Records excerpted from a collection
────────────────

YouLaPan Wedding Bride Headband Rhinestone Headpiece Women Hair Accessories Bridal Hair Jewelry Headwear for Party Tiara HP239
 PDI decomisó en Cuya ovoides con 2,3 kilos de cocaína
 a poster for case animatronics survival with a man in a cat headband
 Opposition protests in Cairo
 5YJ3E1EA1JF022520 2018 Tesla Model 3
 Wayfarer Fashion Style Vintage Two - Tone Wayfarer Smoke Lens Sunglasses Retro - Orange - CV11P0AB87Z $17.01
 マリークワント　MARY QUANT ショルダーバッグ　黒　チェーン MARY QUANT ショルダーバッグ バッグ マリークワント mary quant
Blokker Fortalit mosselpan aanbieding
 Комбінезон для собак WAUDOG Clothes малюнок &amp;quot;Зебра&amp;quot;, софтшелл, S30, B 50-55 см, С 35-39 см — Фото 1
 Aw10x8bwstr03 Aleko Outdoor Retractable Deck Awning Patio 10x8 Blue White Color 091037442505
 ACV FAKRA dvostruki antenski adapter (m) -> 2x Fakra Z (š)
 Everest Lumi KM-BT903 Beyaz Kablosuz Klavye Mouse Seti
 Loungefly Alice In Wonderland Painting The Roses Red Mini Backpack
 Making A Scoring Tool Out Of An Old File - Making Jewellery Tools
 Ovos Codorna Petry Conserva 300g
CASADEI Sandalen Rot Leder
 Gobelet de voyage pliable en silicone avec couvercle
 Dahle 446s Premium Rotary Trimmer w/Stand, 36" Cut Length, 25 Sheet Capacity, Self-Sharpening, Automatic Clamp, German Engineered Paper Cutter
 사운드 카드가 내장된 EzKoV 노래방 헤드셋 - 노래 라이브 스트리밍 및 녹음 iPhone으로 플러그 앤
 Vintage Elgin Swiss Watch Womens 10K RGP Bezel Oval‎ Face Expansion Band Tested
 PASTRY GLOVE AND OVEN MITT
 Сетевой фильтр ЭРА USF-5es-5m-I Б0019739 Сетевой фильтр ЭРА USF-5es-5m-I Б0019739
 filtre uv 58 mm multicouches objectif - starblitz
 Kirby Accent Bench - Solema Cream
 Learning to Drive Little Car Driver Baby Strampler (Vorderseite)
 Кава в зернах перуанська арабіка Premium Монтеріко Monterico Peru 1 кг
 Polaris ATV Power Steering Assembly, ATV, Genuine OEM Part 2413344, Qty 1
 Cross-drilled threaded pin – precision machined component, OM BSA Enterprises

────────────────

How to complete this task:
Beginning with the line that holds "Vintage Elgin Swiss", please give again each line exactly until the records end, and include that final line.

Finished exercise:
 Vintage Elgin Swiss Watch Womens 10K RGP Bezel Oval‎ Face Expansion Band Tested
 PASTRY GLOVE AND OVEN MITT
 Сетевой фильтр ЭРА USF-5es-5m-I Б0019739 Сетевой фильтр ЭРА USF-5es-5m-I Б0019739
 filtre uv 58 mm multicouches objectif - starblitz
 Kirby Accent Bench - Solema Cream
 Learning to Drive Little Car Driver Baby Strampler (Vorderseite)
 Кава в зернах перуанська арабіка Premium Монтеріко Monterico Peru 1 кг
 Polaris ATV Power Steering Assembly, ATV, Genuine OEM Part 2413344, Qty 1
 Cross-drilled threaded pin – precision machined component, OM BSA Enterprises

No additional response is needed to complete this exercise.